Survival of the Least Fit: the Prisoner's Dilemma and Evolutionary Computation

Dr Marcus Frean and Dr Edward Abraham


In genetic algorithms it is often taken for granted that selection of the most successful members of a population will result in individuals whose fitness is higher than their ancestors. On the contrary, there are circumstances in which "survival of the fittest" is catastrophically bad, and survival of the least fit leads to the highest population fitness over time. Such situation are succinctly described in terms of the Prisoner's Dilemma concept from game theory. This is reminiscent of the 'no free lunch' result of computational learning theory, a connection which we hope to make explicit.

In the Prisoner's Dilemma, two agents make independent choices about whether they will "cooperate" with one another. What makes the situation interesting is the particular relationship between payoffs and actions: the joint payoff is highest for mutual cooperation, and lowest for mutual defection, yet at the individual level it always pays to defect (i.e. fail to cooperate). If fitnesses are determined from payoffs which have this structure, then selection of the fittest individuals leads to an erosion of the fitness of all survivors, as the number of cooperators drops. If one's goal is to evolve individuals (or populations, for that matter) with high fitness, one should actually select the LEAST fit individuals in each generation.

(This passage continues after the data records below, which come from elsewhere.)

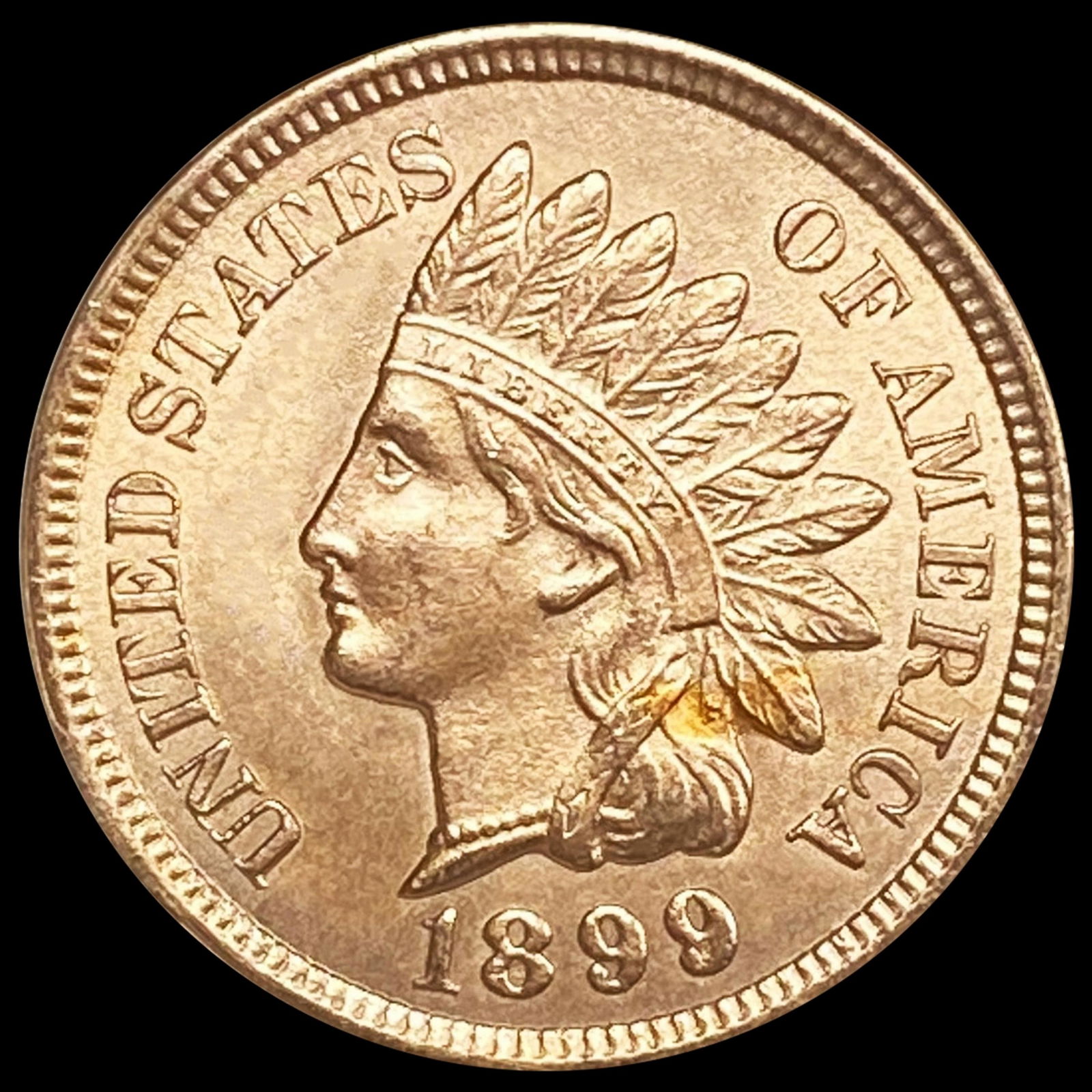 1899 Indian Head Cent UNCIRCULATED (1 of 2)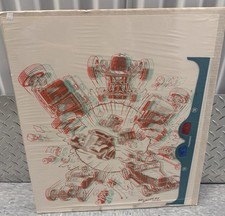 Vintage 3D Robert Williams 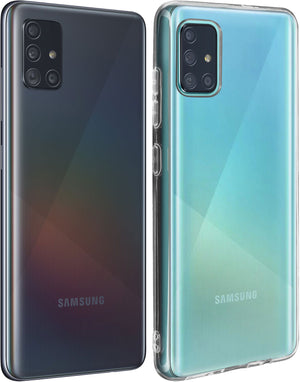 GALAXY A51 COVER IN TPU TRASPARENTE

One widely investigated "escape" from the prisoner's dilemma lies in reciprocation: if contacts between agents are liable to be repeated, it can become "selfish" to cooperate if doing so engenders the cooperation of the other agent: the generic example of such a successful behaviour is the strategy known as tit-for-tat. A particularly interesting phenomenon in this iterate prisoner's dilemma is that a strategy X may beat strategy Y which in turn beats strategy Z, and yet Z may beat X, forming a cycle. If we consider a collection of these strategists occupying a two dimensional spatial array and "invading" one another under very simple dynamics, such cycles can persist indefinitely.

These spatial models exhibit behaviour that is very like self-organized criticality: they spontaneously form fractally distributed "clumpy" patterns having no characteristic length scale. On the other hand, this does not appear to be true in the time domain - a somewhat anomalous result.

In an echo of the situation with simple prisoner's dilemma agents, in these models the fastest (i.e. most consistent) invader is generally not the most successful, nor is the slowest invader the least successful. Simulation results (for the relative areas occupied in the long term) are in excellent agreement with the appropriate mean field theory - an intruiging result given that the mean field theory ignores all spatial structure.

Finally, we note that spatial patchiness among competing species has usually been attributed to variation in the underlying substrate or other extrinsic effects: the above model demonstrates that it can plausibly arise from competitive interactions alone.